The University of Winnipeg joined Manitoba’s five other universities, three colleges, and the Manitoba School Boards Association on Friday, April 14 to collectively reaffirm their commitment to making Indigenous education a priority in Manitoba.
A re-signing ceremony for the Manitoba Collaborative Indigenous Education Blueprint (Blueprint) was held at RRC Polytech’s Roundhouse Auditorium, Manitou a bi Bii daziigae.
UWinnipeg was represented by Dr. Todd Mondor, President and Vice-Chancellor; Angeline Nelson, Acting Lead, Indigenous, and Director of Community Learning and Engagement at Wii Chiiwaakanak Learning Centre; Dr. Jino Distasio, Vice-President, Research and Innovation, and Acting Provost and Vice-President, Academic; and Colin Russell, University Registrar.

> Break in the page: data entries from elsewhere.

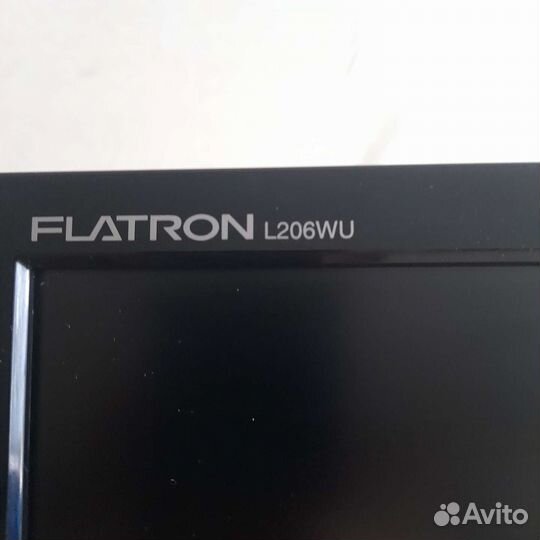 Монитор LG flatron L206WU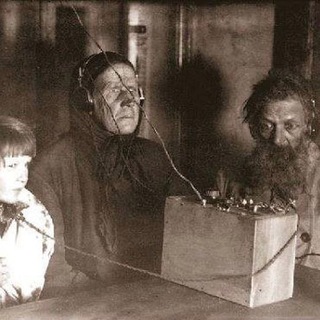 Логотип @nevyhodiizkomnaty - Новости клабхауса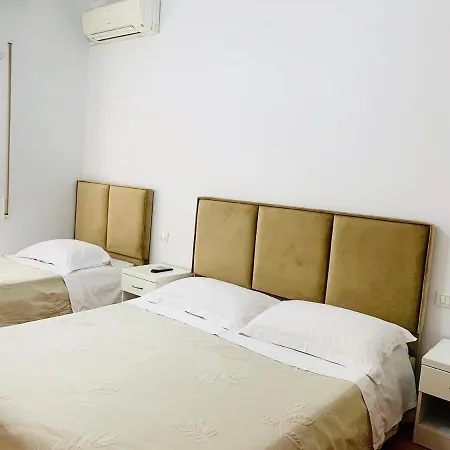 Dionis بيت ضيافة تيرانا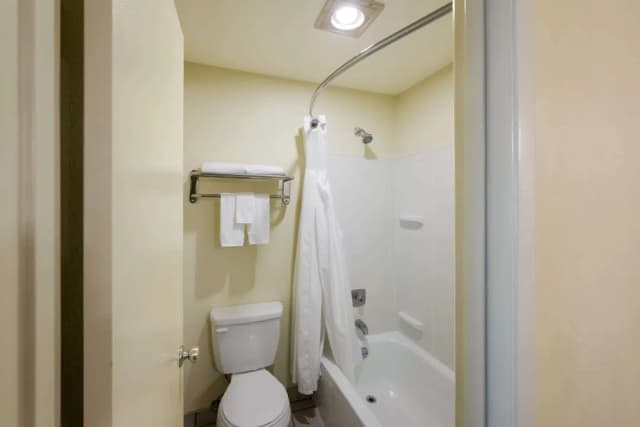 Quality Inn SeaTac Airport-Seattle-Standard Room, 1 King Bed, Non Smoking-2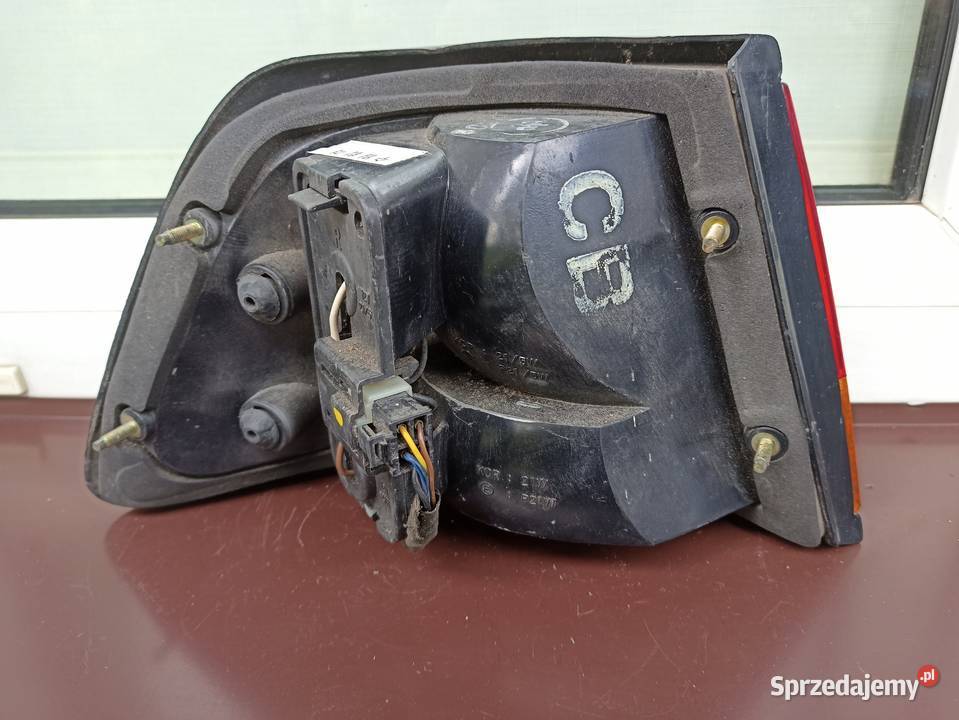 Daewoo Espero lampa tył tylna prawa narożna w Sieradz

“At The University of Winnipeg, we are proud to reaffirm our commitment to advancing Indigenous education and supporting Indigenous students,” Dr. Mondor said. “We recognize that our work is ongoing and there is always more to do. Through collaboration and partnership with other institutions, we can continue to build upon our collective strengths, identify areas for improvement, and make progress toward our shared Reconciliation responsibilities and our goals to ensure equitable access to education and success for Indigenous students.”
First signed in 2015, the Blueprint created an official partnership dedicated to advancing 10 commitments informed by the Truth and Reconciliation Commission of Canada’s Calls to Action.
“More is accomplished when educational institutions work together within a shared framework,” said Nelson. “Being able to regularly connect with other institutions on specific priorities within the Blueprint helps to share best practices, build strategic goals, and develop meaningful partnerships.”
Since first signing the Blueprint, the University has launched a variety of initiatives to support Indigenous students. These include: a Thematic Major in Indigenous Languages and three certificate programs (Indigenous Languages, Teaching Indigenous Language for Vitality, and Supporting Multilingualism and Indigenous Languages in Schools); adding a Métis Inclusion Officer to the Aboriginal Student Services Centre; an Indigenous Insights flexible education program for organizations wanting to understand the recommendations of the Truth and Reconciliation Commission; the Weweni Indigenous Scholars Speaker Series; and innovative programs to support Indigenous students pursuing advanced studies, such as the Pathway to Graduate Studies program and Indigenous Summer Scholars Program.
The University looks forward to continuing, in partnership with other institutions and Indigenous communities, to increase access to education for all Indigenous learners.